*Instructions to follow*
In your copy, repeat each record exactly and include no pictures.

Records drawn from a dataset:
•••••

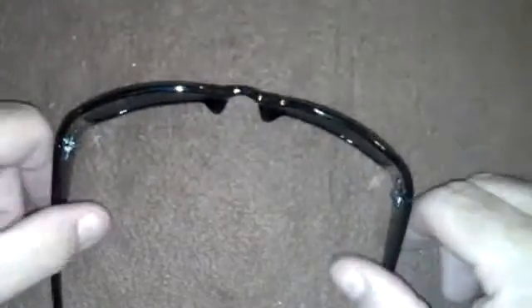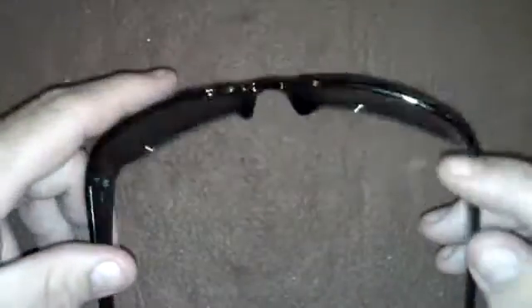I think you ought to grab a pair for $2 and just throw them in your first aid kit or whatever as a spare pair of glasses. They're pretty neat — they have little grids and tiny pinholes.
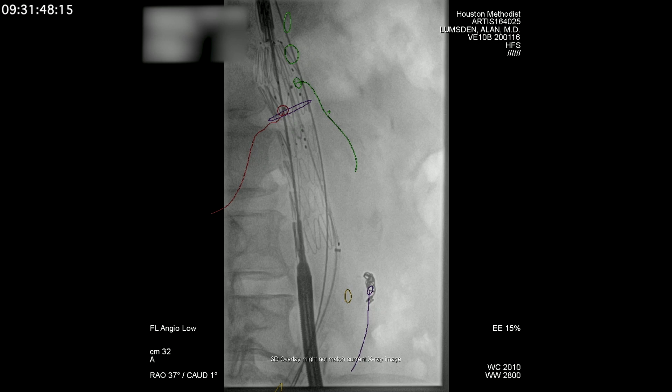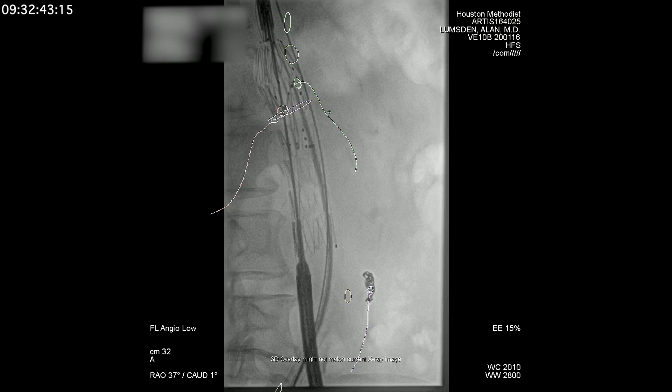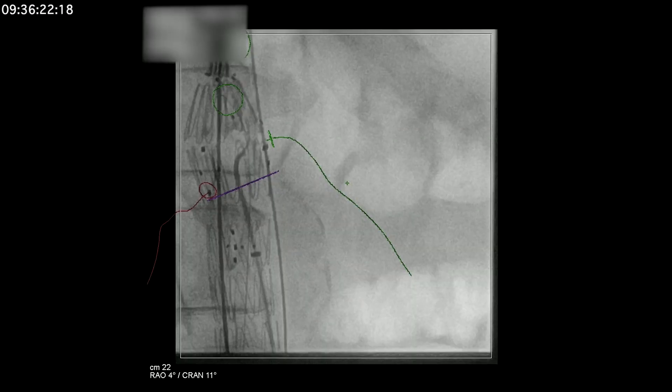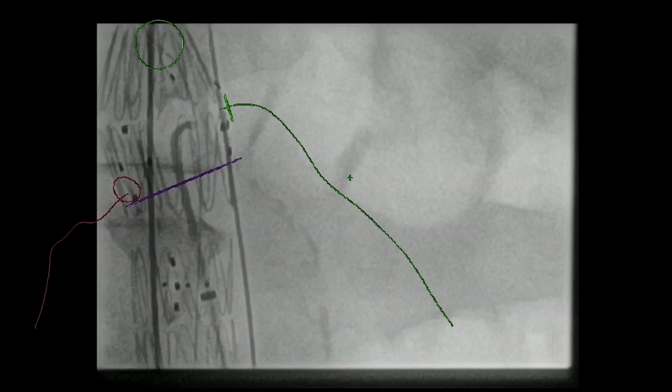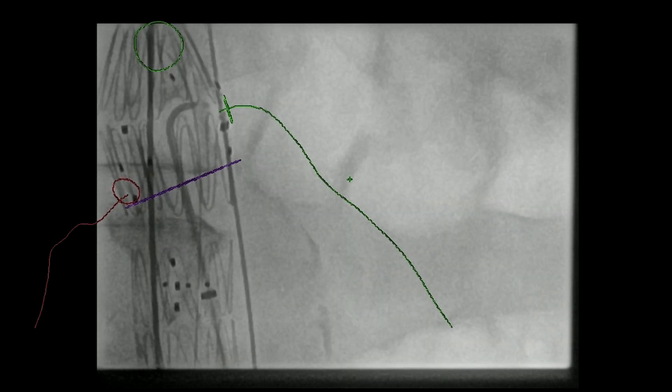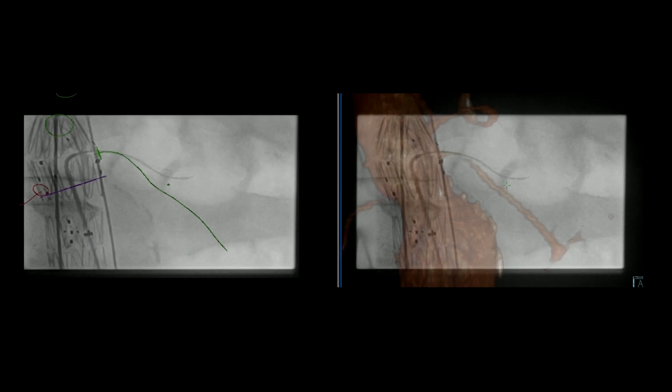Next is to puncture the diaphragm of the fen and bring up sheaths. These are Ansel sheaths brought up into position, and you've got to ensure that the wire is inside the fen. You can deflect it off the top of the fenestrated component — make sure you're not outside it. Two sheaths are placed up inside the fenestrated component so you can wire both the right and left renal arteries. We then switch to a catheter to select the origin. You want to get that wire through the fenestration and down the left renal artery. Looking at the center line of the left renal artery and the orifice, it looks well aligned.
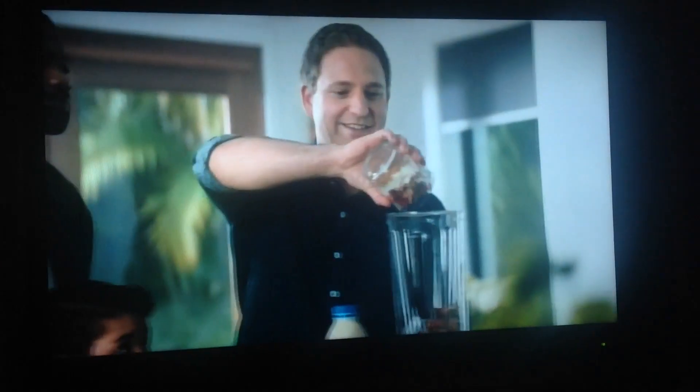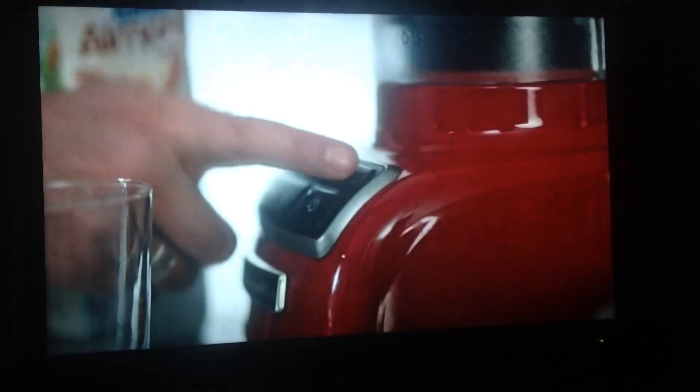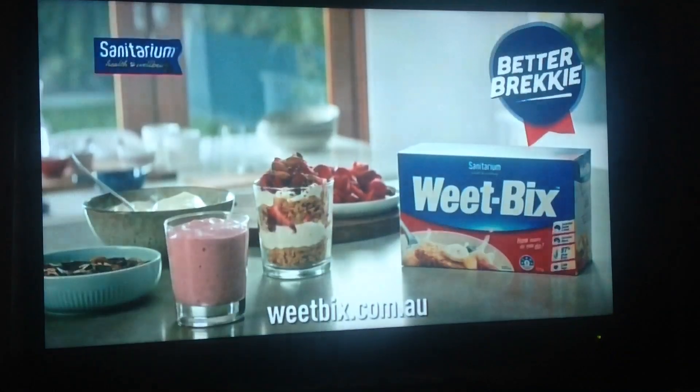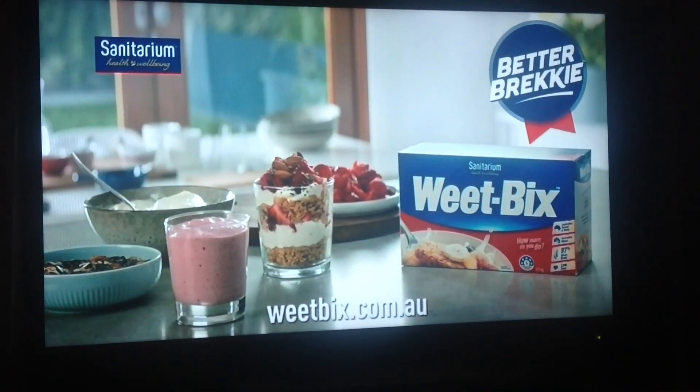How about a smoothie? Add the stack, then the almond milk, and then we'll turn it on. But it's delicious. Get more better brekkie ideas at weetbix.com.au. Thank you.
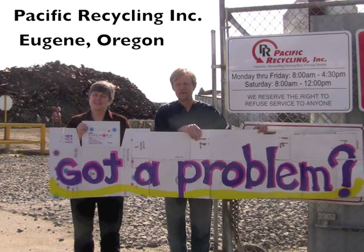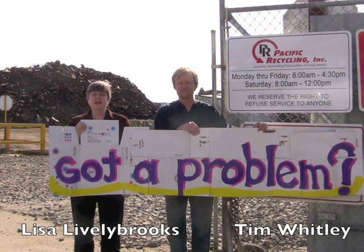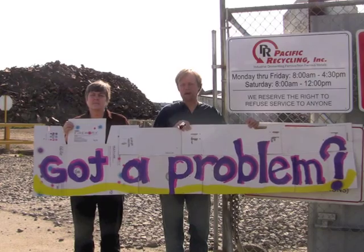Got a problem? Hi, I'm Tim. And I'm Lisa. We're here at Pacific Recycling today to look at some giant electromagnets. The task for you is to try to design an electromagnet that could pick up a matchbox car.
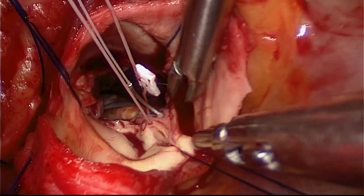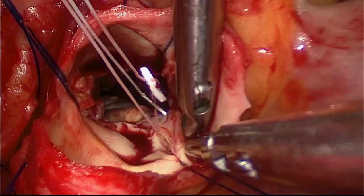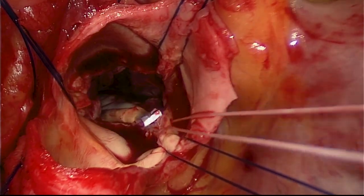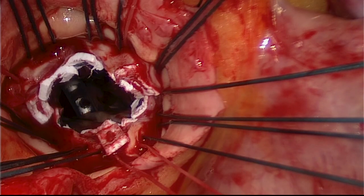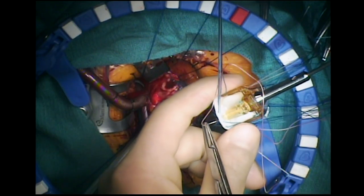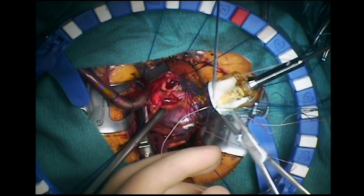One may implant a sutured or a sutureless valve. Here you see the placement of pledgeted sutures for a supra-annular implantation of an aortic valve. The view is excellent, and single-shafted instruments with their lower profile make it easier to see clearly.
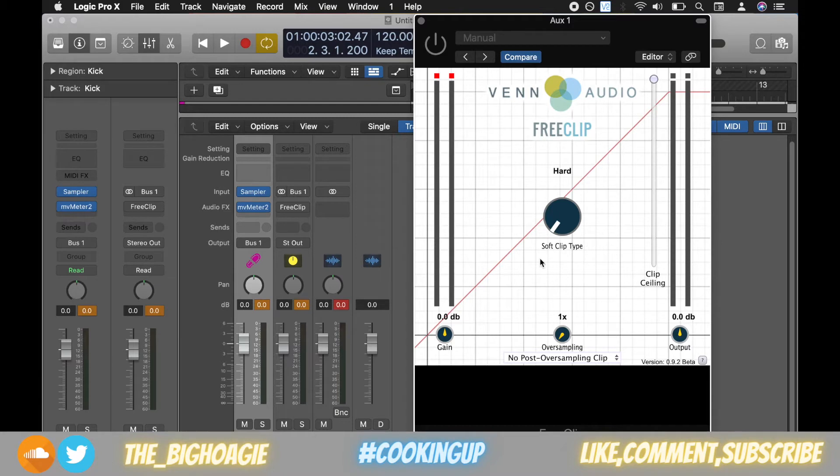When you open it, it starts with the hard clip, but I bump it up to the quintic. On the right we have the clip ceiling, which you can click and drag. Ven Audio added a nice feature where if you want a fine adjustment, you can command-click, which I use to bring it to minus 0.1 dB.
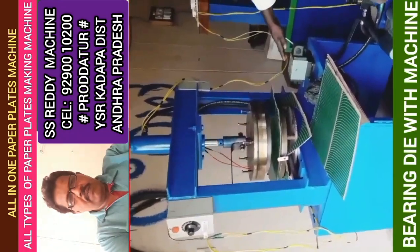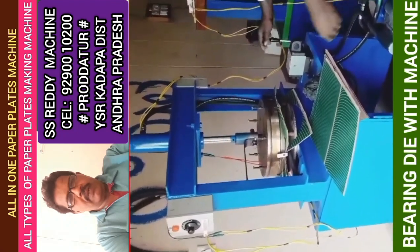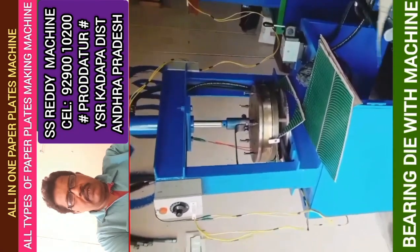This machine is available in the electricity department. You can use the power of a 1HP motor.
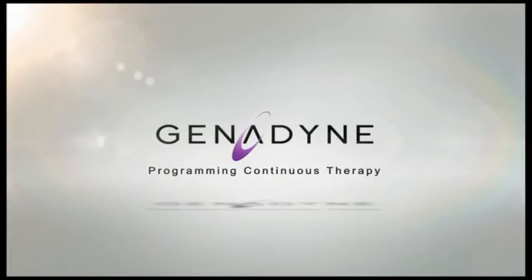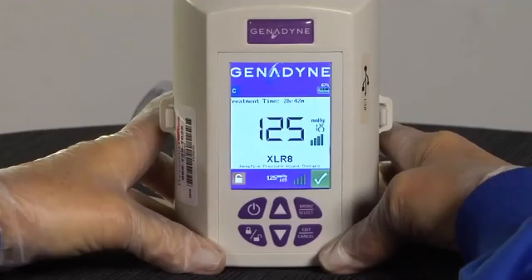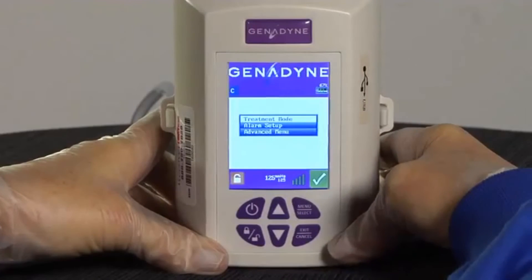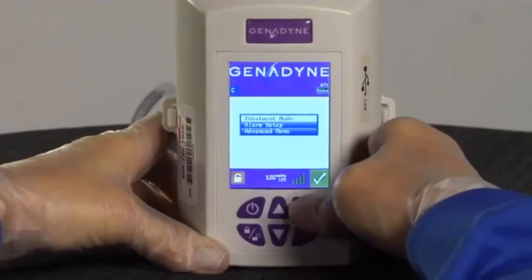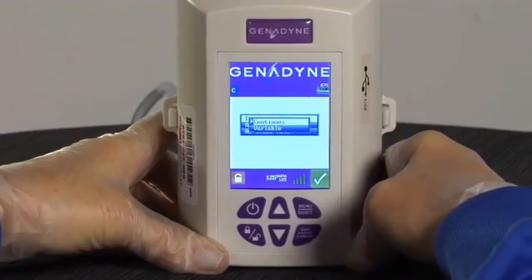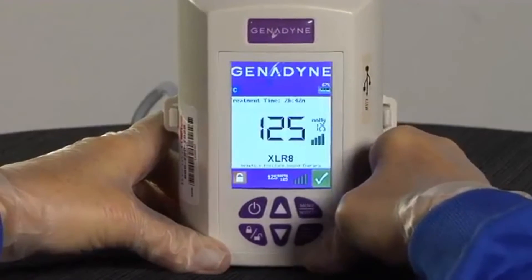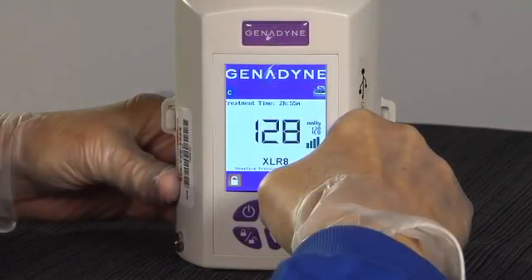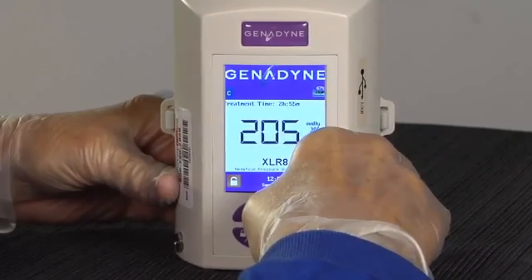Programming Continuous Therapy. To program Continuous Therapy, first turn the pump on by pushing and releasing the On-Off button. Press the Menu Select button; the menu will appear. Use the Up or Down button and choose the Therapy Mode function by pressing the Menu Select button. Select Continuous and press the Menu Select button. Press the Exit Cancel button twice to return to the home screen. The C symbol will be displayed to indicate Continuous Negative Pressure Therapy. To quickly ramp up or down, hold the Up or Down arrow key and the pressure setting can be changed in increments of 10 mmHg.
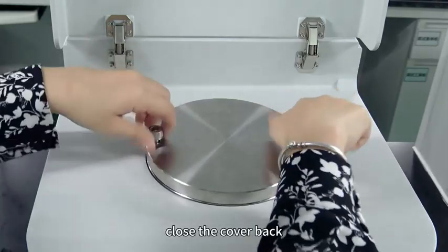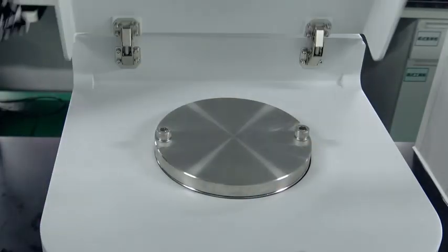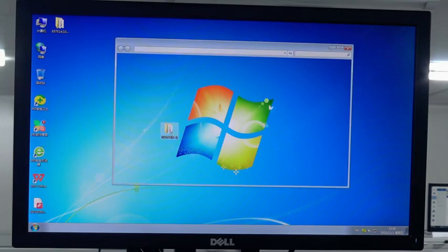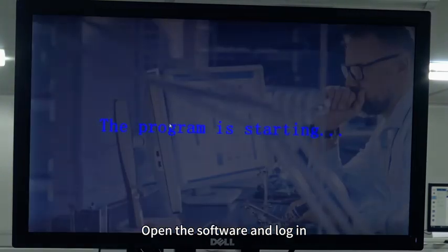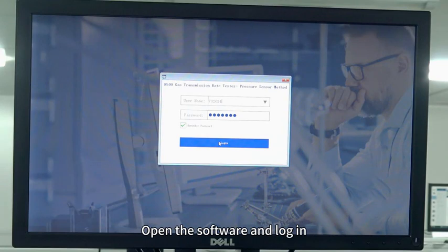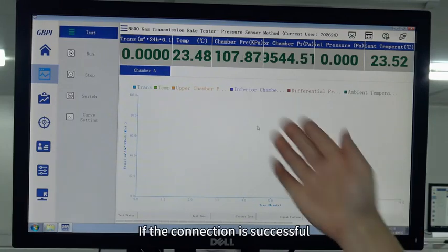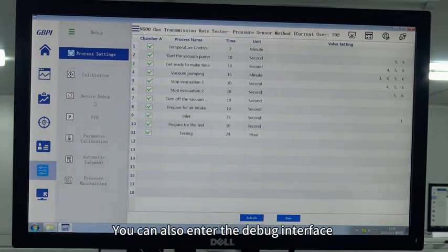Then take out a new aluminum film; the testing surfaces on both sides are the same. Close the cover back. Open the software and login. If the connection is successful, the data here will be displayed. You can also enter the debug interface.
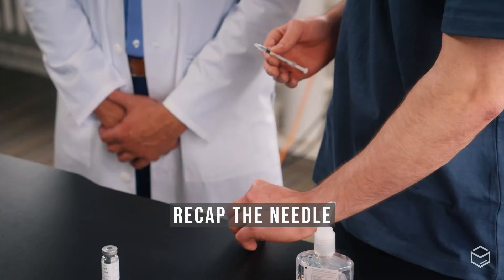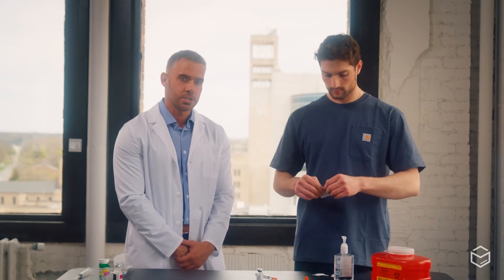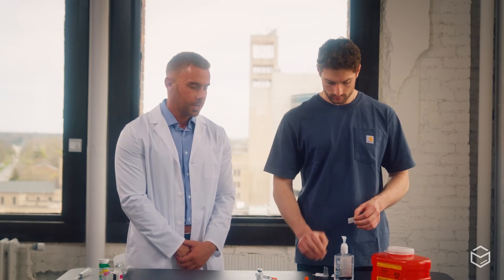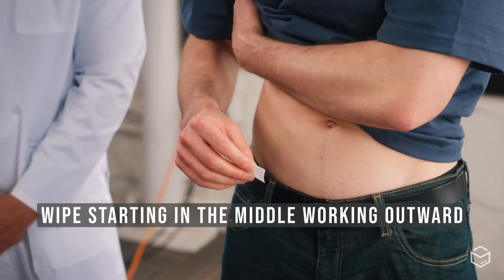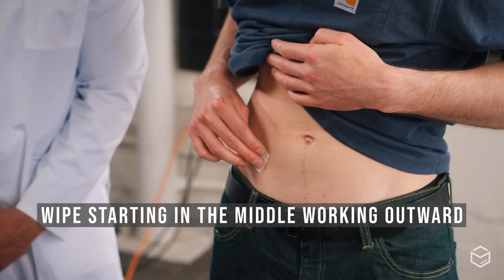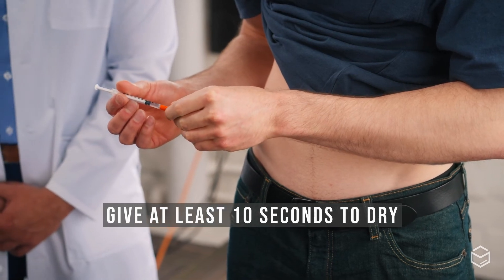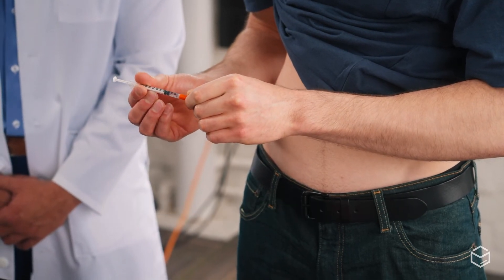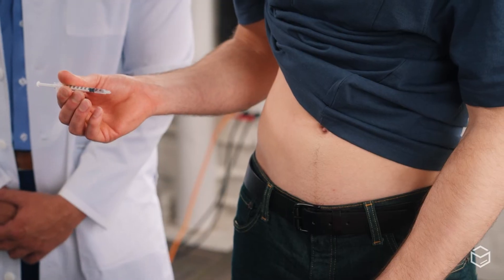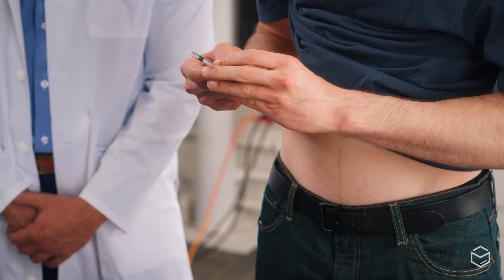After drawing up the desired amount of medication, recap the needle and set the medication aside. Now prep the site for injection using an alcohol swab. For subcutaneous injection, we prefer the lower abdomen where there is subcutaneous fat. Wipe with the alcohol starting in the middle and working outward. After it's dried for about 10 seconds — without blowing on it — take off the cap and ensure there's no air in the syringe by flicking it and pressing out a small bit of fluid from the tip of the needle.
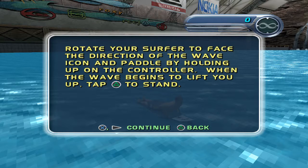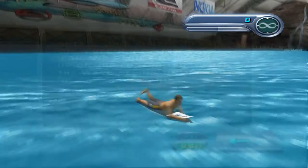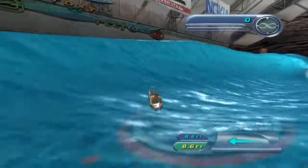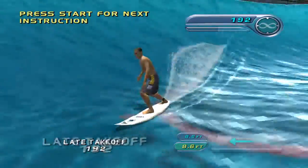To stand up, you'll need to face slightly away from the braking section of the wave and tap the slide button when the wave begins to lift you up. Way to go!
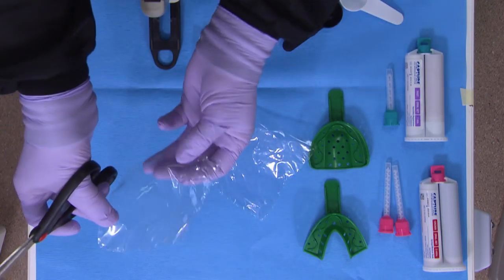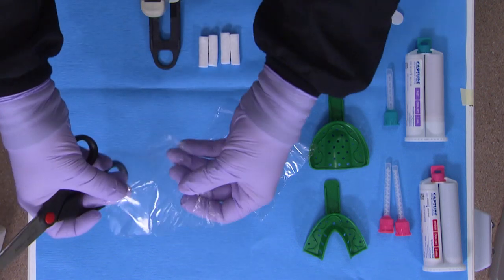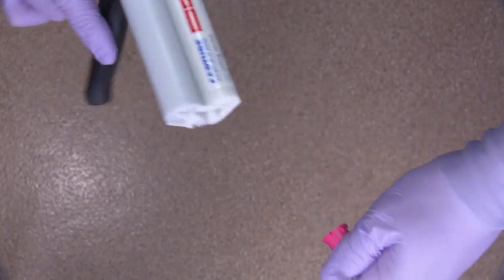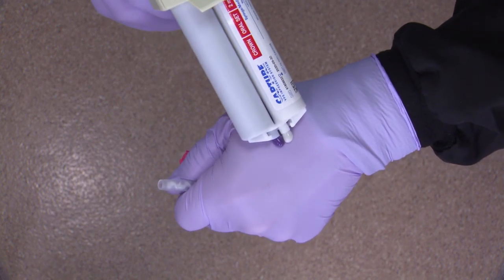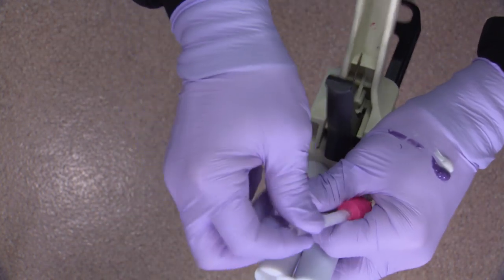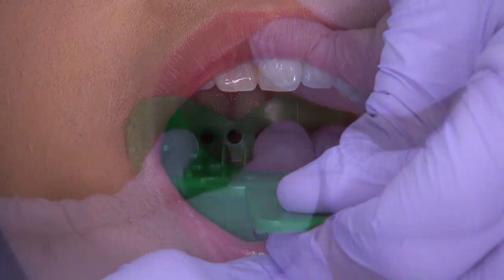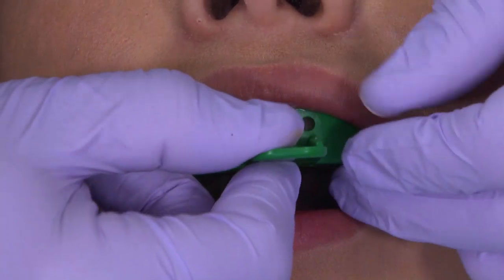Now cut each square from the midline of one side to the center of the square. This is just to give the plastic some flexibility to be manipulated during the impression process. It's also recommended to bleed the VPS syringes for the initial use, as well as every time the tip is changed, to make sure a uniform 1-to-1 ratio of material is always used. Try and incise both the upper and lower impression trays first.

•••••

*Exercise answer*
I think you ought to grab a pair for $2 and just throw them in your first aid kit or whatever as a spare pair of glasses. They're pretty neat — they have little grids and tiny pinholes.
Next is to puncture the diaphragm of the fen and bring up sheaths. These are Ansel sheaths brought up into position, and you've got to ensure that the wire is inside the fen. You can deflect it off the top of the fenestrated component — make sure you're not outside it. Two sheaths are placed up inside the fenestrated component so you can wire both the right and left renal arteries. We then switch to a catheter to select the origin. You want to get that wire through the fenestration and down the left renal artery. Looking at the center line of the left renal artery and the orifice, it looks well aligned.
How about a smoothie? Add the stack, then the almond milk, and then we'll turn it on. But it's delicious. Get more better brekkie ideas at weetbix.com.au. Thank you.
Got a problem? Hi, I'm Tim. And I'm Lisa. We're here at Pacific Recycling today to look at some giant electromagnets. The task for you is to try to design an electromagnet that could pick up a matchbox car.
One may implant a sutured or a sutureless valve. Here you see the placement of pledgeted sutures for a supra-annular implantation of an aortic valve. The view is excellent, and single-shafted instruments with their lower profile make it easier to see clearly.
When you open it, it starts with the hard clip, but I bump it up to the quintic. On the right we have the clip ceiling, which you can click and drag. Ven Audio added a nice feature where if you want a fine adjustment, you can command-click, which I use to bring it to minus 0.1 dB.
This machine is available in the electricity department. You can use the power of a 1HP motor.
Programming Continuous Therapy. To program Continuous Therapy, first turn the pump on by pushing and releasing the On-Off button. Press the Menu Select button; the menu will appear. Use the Up or Down button and choose the Therapy Mode function by pressing the Menu Select button. Select Continuous and press the Menu Select button. Press the Exit Cancel button twice to return to the home screen. The C symbol will be displayed to indicate Continuous Negative Pressure Therapy. To quickly ramp up or down, hold the Up or Down arrow key and the pressure setting can be changed in increments of 10 mmHg.
Then take out a new aluminum film; the testing surfaces on both sides are the same. Close the cover back. Open the software and login. If the connection is successful, the data here will be displayed. You can also enter the debug interface.
After drawing up the desired amount of medication, recap the needle and set the medication aside. Now prep the site for injection using an alcohol swab. For subcutaneous injection, we prefer the lower abdomen where there is subcutaneous fat. Wipe with the alcohol starting in the middle and working outward. After it's dried for about 10 seconds — without blowing on it — take off the cap and ensure there's no air in the syringe by flicking it and pressing out a small bit of fluid from the tip of the needle.
To stand up, you'll need to face slightly away from the braking section of the wave and tap the slide button when the wave begins to lift you up. Way to go!
Now cut each square from the midline of one side to the center of the square. This is just to give the plastic some flexibility to be manipulated during the impression process. It's also recommended to bleed the VPS syringes for the initial use, as well as every time the tip is changed, to make sure a uniform 1-to-1 ratio of material is always used. Try and incise both the upper and lower impression trays first.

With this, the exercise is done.